Tantangan Menunjuk Data Protection Officer (Petugas Pelindungan Data Pribadi) untuk Perusahaan di Indonesia

Tantangan Menunjuk Data Protection Officer (Petugas Pelindungan Data Pribadi) untuk Perusahaan di Indonesia

Salah satu amanah yang tertuang dalam Undang-Undang No. 27 Tahun 2022 tentang Pelindungan Data Pribadi (UU PDP) adalah kewajiban pihak yang melakukan pemrosesan data pribadi di wilayah Indonesia, baik selaku Pengendali Data Pribadi maupun Prosesor Data Pribadi untuk menunjuk pejabat atau petugas yang melakukan fungsi Pelindungan Data Pribadi, atau dikenal sebagai Data Protection Officer (DPO).

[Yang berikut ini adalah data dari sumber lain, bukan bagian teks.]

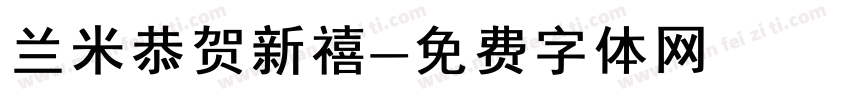 兰米恭贺新禧字体转换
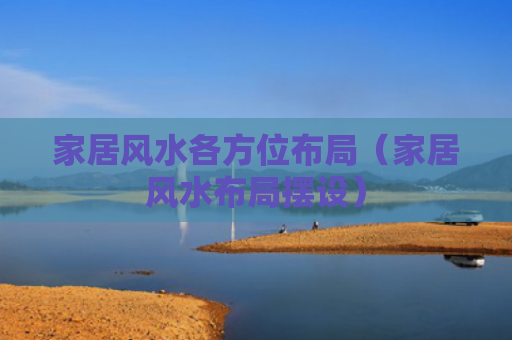 家居风水各方位布局（家居风水布局摆设）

Pasal 53 ayat (1) UU PDP mengatur mengenai kondisi dimana DPO menjadi wajib bagi Perusahaan, yaitu dalam hal:

  1. Perusahaan melakukan pemrosesan Data Pribadi untuk kepentingan pelayanan publik;
  2. kegiatan inti Perusahaan memiliki sifat, ruang lingkup, dan/atau tujuan yang memerlukan pemantauan secara teratur dan sistematis atas Data Pribadi dengan skala besar; dan
  3. kegiatan inti Perusahaan terdiri dari pemrosesan Data Pribadi dalam skala besar untuk Data Pribadi yang bersifat spesifik dan/atau Data Pribadi yang berkaitan dengan tindak pidana.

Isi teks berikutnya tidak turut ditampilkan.